修正案を見ますると、その第二十六条に広告の制限の規定を設けるように相なっております。これはこの法案が成立することによつて、私どもが最もおそれますことは歯科技工士が歯科医師と同一の診療をなす、すなわち診療上の混乱を招くおそれがないかということでございまして、これらに連関いたしまして、この広告の制限というものは適切なる修正であると存ずるのでございます。その他については別に意見はございませんが、どこまでもこの法律案の成立することによって、将来歯科技工士が歯科医師の診療内容にまで立ち入ることによる診療上の紛淆を来たすことのないように、当局におかれては十分御留意あって、本法を適用、運用されることを期待いたすものでございます。

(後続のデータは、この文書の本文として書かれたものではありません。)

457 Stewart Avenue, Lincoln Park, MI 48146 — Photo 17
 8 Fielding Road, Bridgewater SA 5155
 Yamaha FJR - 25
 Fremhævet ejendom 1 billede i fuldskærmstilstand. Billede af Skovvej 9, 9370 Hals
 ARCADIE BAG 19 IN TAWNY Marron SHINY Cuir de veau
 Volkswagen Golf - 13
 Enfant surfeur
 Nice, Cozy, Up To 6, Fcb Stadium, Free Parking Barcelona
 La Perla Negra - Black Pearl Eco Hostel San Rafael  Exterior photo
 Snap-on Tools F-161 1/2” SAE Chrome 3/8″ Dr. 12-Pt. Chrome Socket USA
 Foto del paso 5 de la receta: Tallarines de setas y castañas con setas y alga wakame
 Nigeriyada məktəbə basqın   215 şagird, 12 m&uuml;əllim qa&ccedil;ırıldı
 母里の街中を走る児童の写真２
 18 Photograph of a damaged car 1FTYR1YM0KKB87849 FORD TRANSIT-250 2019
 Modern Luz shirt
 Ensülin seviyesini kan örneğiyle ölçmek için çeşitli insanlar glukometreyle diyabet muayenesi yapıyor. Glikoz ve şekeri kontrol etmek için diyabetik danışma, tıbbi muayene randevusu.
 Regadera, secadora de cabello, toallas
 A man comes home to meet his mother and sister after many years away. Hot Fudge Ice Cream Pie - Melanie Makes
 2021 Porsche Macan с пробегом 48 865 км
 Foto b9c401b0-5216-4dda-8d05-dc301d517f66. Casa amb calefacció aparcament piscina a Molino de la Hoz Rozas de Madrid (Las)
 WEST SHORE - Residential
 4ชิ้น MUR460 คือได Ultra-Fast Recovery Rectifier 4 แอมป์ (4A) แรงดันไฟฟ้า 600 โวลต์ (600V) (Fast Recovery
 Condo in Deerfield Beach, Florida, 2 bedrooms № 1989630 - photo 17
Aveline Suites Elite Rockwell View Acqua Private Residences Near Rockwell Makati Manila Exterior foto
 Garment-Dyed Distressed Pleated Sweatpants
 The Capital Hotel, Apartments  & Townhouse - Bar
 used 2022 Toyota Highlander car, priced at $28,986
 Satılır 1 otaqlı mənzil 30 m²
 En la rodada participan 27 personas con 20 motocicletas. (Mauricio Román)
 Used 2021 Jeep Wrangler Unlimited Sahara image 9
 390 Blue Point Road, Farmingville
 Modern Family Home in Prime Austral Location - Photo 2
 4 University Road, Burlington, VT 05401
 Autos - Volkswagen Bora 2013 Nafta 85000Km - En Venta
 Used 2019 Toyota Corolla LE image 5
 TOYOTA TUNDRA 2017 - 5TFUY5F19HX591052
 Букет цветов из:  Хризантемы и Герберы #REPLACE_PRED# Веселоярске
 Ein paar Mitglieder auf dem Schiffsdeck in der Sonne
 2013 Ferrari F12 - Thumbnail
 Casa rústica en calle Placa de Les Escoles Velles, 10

以上をもって、加藤武徳君提案の修正案に賛成し、修正部分を除く政府原案に賛成の意思を表明するものでございます。
○委員長(小林英三君) 他に御発言がなければ、討論は終局したものと認めて御異議ございませんか。
〔「異議なし」と呼ぶ者あり〕
○委員長(小林英三君) 全員でございます。よって本修正案は全会一致で可決いたしました。